If an entry holds a picture, skip the picture but copy everything else exactly.

=====

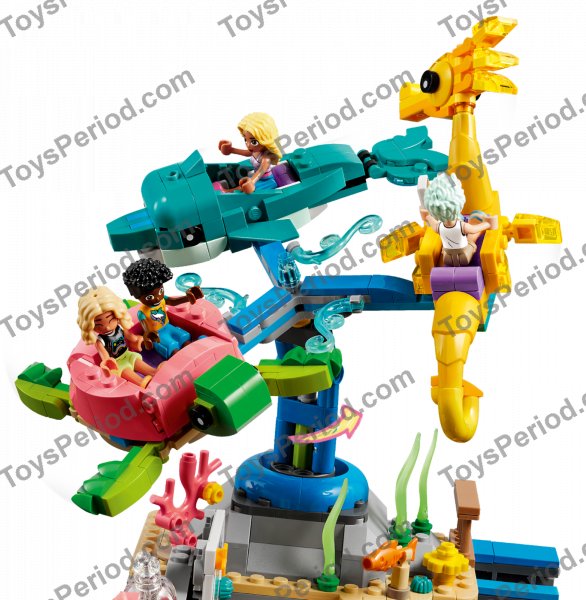 LEGO 41737 Beach Amusement Park Set Parts List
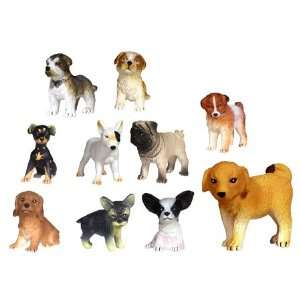  Adopt a Puppy Figures Series 3   Set of 14 Vending Machine 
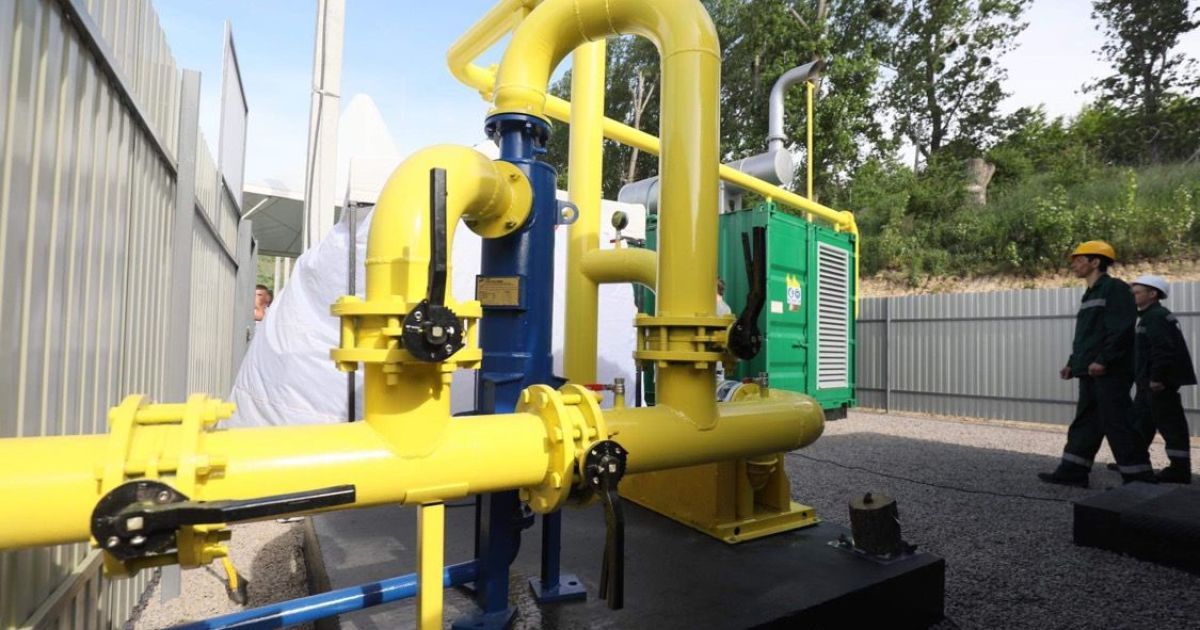 біогазова електростанція Львівська область Грибовицький полігон_1 / © facebook/Андрій Садовий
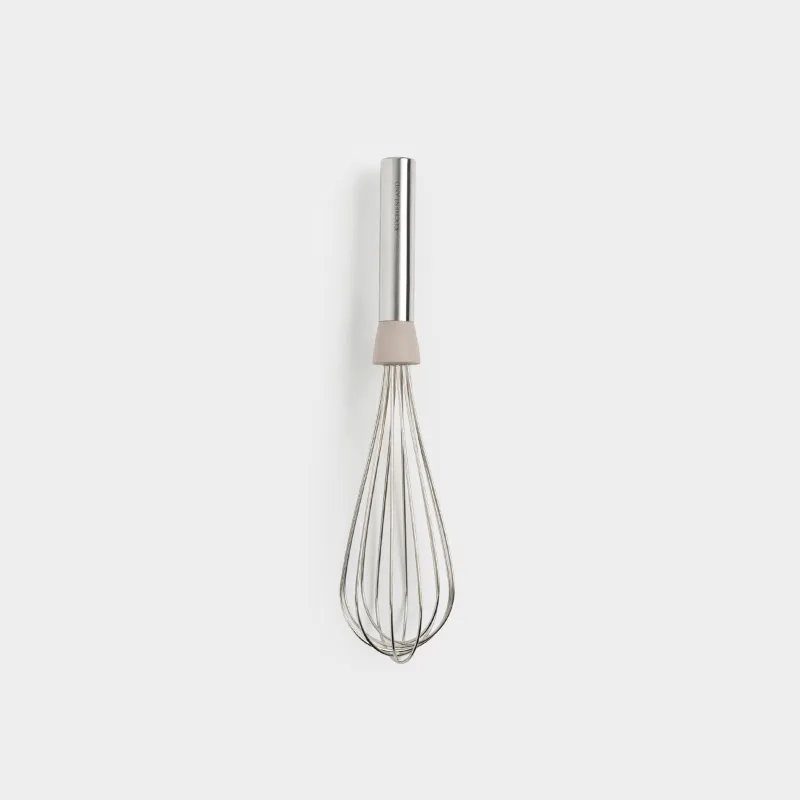 Бұлғауыш, 32 см, болат/силикон, сұр, Ginelli kitchen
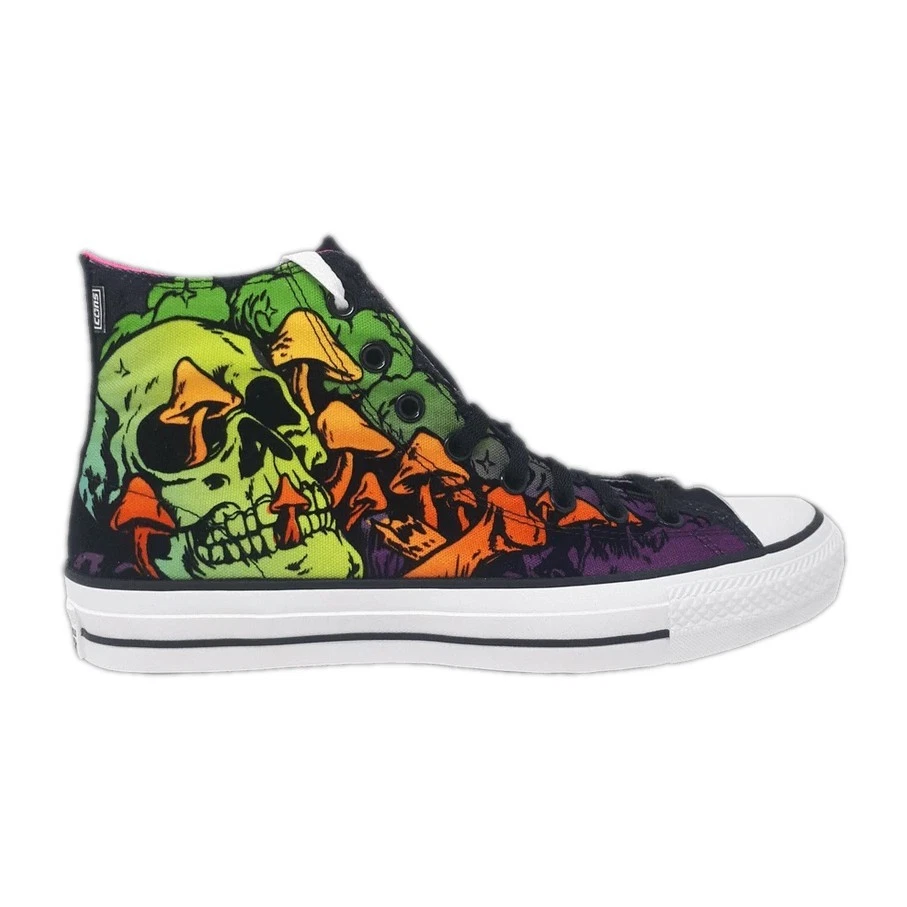 Converse Chuck Taylor All Star Pro High Blacklight for Sale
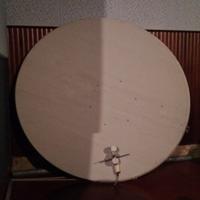 Antenna parabola parabolica grossa dimensione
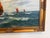Gerhard Lukas Larsen (German 1911-1965) Oil Canvas Vintage, Maritime, Seascape For Sale - Image 9 of 13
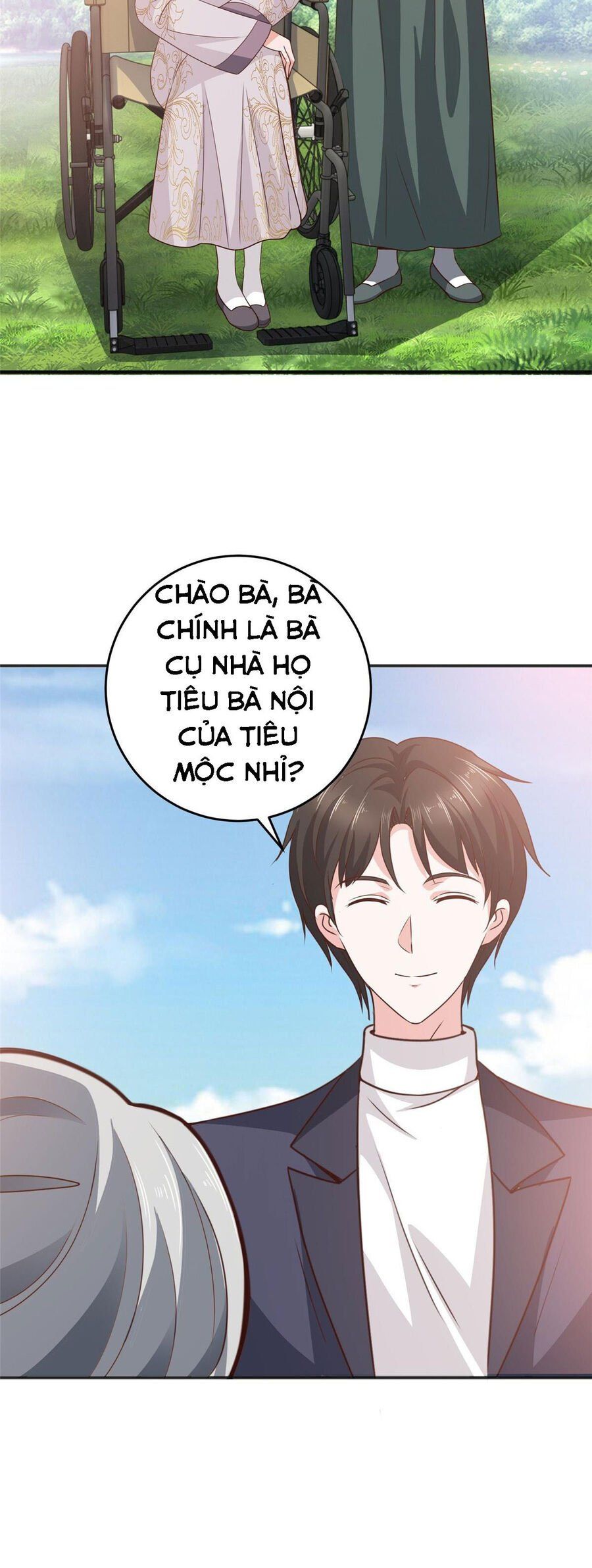 đọc truyện Lão Ba Cho Tôi Lựa Một Trong Mười Nữ Thần Để Kết Hôn Chương 23 ảnh 14 tại Thiên Thai Truyện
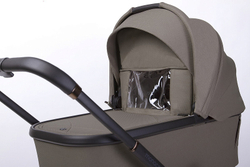 Детская коляска Peppy Monaco 2 в 1 Sandstone (песочный), рама черная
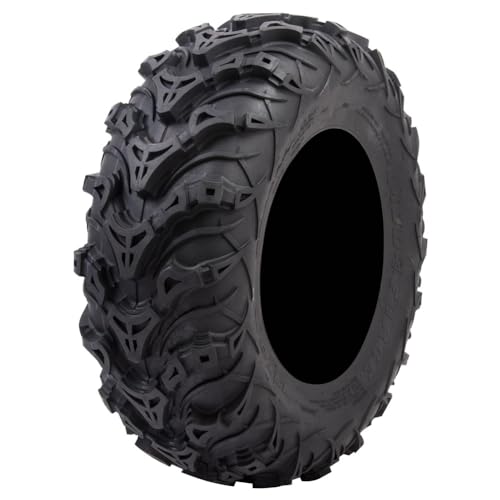 Tusk Mud Force ATV/UTV Tire – 24x8-12 Off-Road Utility Tire – Heavy-Duty All-Terrain - size: 24x8-12
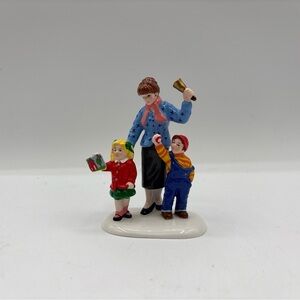 Department 56 2000 Vintage Original Snow Village School’s Out! 56.55129 Retired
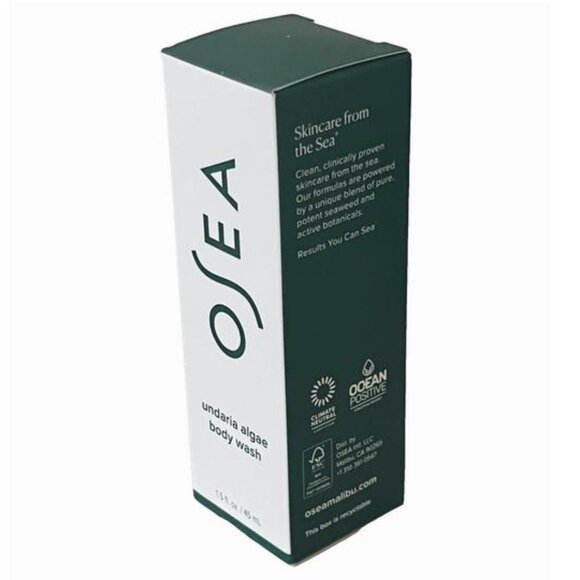 OSEA Undaria Algae Body Wash 1.5 fl oz (45 ml) Luxuious Cleanser NEW in Box - Picture 3 of 4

=====

Problem solution
 LEGO 41737 Beach Amusement Park Set Parts List
  Adopt a Puppy Figures Series 3   Set of 14 Vending Machine 
 біогазова електростанція Львівська область Грибовицький полігон_1 / © facebook/Андрій Садовий
 Бұлғауыш, 32 см, болат/силикон, сұр, Ginelli kitchen
 Converse Chuck Taylor All Star Pro High Blacklight for Sale
 Antenna parabola parabolica grossa dimensione
Gerhard Lukas Larsen (German 1911-1965) Oil Canvas Vintage, Maritime, Seascape For Sale - Image 9 of 13
 đọc truyện Lão Ba Cho Tôi Lựa Một Trong Mười Nữ Thần Để Kết Hôn Chương 23 ảnh 14 tại Thiên Thai Truyện
 Детская коляска Peppy Monaco 2 в 1 Sandstone (песочный), рама черная
 Tusk Mud Force ATV/UTV Tire – 24x8-12 Off-Road Utility Tire – Heavy-Duty All-Terrain - size: 24x8-12
 Department 56 2000 Vintage Original Snow Village School’s Out! 56.55129 Retired
 OSEA Undaria Algae Body Wash 1.5 fl oz (45 ml) Luxuious Cleanser NEW in Box - Picture 3 of 4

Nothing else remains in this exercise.